There was some faith behind it, certain presumptions which were not capable of
logical treatment. Having accepted some hypotheses the system was built up on
those foundations. It was presumed that there is a rhythm and unity in life and
nature. There was belief in a personal God, in individual souls, and an atomic
universe. The individual was neither the soul alone nor the body, but the
product of their union. Reality was supposed to be a complex of souls and
nature.
The Vaishesika system
resembles the Nyaya in many ways. It emphasizes the separateness of individual
selves and objects, and develops the atomic theory of the universe. The
principle of dharma, the moral law, is said to govern the universe, and
round this the whole system revolves. The hypothesis of a God is not clearly
admitted. Between the Nyaya and Vaisheshika systems and early Buddhist philosophy
there are many points of contact. On the whole they adopt a realistic approach.
The Samkhya system,
which Kapila (c. seventh century B.C.) is said to have shaped out
of many early and pre-Buddhist currents of thought, is remarkable. According to
Richard Garbe: 'In Kapila's doctrine, for the first time in the history of the
world, the complete independence and freedom of the human mind, its full
confidence in its own powers, were exhibited.'
The
Samkhya became a well-co-ordinated system after the rise of Buddhism.

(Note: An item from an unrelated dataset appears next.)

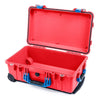 Pelican 1510 Case, Red with Blue Handles & Latches None (Case Only) ColorCase 015100-0000-320-120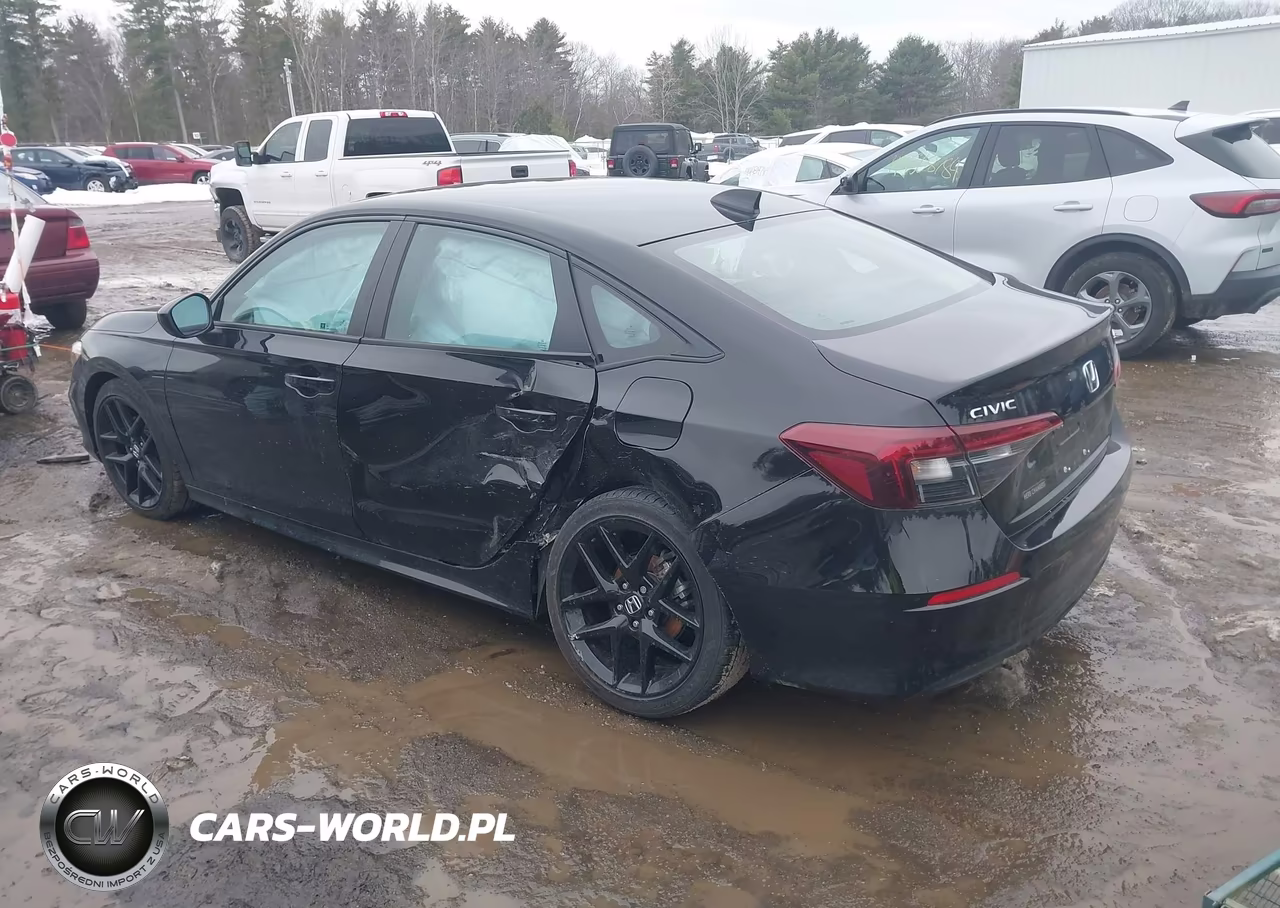 2025 Honda Civic Sport VIN:2HGFE2F52SH581687 - 3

The
theory is a purely philosophical and meta-physical conception arising out of
the mind of man and having little to do with objective observation. Indeed,
such observation was not possible in matters beyond its reach. Like Buddhism,
Samkhya proceeded along rationalistic lines of inquiry and met the challenge of
Buddhism on the latter's own ground of reasoned argument without support of
authority. Because of this rationalistic approach, God had to be ruled out. In
SSmkhya thus there is neither a personal God nor an impersonal one, neither
mono-theism nor monism. Its approach was atheistic and it undermined the
foundations of a supernatural religion. There is no creation of the universe by
a god, but rather a constant evolution, the product of interaction between
spirit, or rather spirits, and matter, though that matter itself is of the
nature of energy. This evolution is a continuous process.
The Samkhya is called
dvaita, or a dualistic philosophy, because it builds its structure on two
primary causes: prakriti, or an ever-active and changing nature or
energy, and purusha, the spirit which does not change. There is an
infinite number of purushas or souls, or something in the nature of
consciousness. Under the influence of purusha, which itself is inactive,
prakriti evolves and leads to the world of continuous becoming. Causality is
accepted, but it is said that the effect really exists hidden in the cause.
Cause and effect become the undeveloped and developed states of one and the same
thing. From our practical point of view, however, cause and effect are
different and distinct, but basically there is an iden-tity between them. And
so the argument goes on, showing how from the unmanifested prakriti or energy,
through the influence of purusha or consciousness, and the principle of
causality, nature with its immense complexity and variety of elements has
developed and is ever changing and developing. Between the lowest and the
highest in the universe there is a continuity and a unity. The whole conception
is metaphysical, and the argument, based on certain hypotheses, is long,
intricate, and reasoned.
The Toga system
of Patanjali is essentially a method for the discipline of the body and the
mind leading up to psychic and spiritual training. Patanjali not only
crystallized this old system but also wrote a famous commentary on Panini's
Sanskrit gram-mar. This commentary, called the 'Mahabhashya' is as much of a
classic as Panini's work. Professor Stcherbatsky, of Leningrad, has written
that 'the ideal scientific wrok for India is the grammar of Panini with the
Mahabhashya of Patanjali (It is not established that Patanjali, the grammarian, was the same person as Patanjali, the author of the 'Toga Sutras.' The grammarian's date is definitely known—second century B.C. Some people are of opinion that the author of the 'Toga Sutras' was a different person and lived two or three hundred years later.).
Yoga is a word well
known now in Europe and America, though little understood, and it is associated
with quaint practices, more especially with sitting Buddha-like and gazing on
one's navel or the tip of one's nose (The word 'Toga' means union. Possibly it is derived from the same root as the English word 'yoke'—joining.). Some people learning odd tricks of
the body presume to become authorities on the subject in the West, and impress
and exploit the credulous and the seekers after the sensational. The system is
much more than these devices and is based on the psychological conception that
by proper training of the mind certain higher levels of consciousness can be reached.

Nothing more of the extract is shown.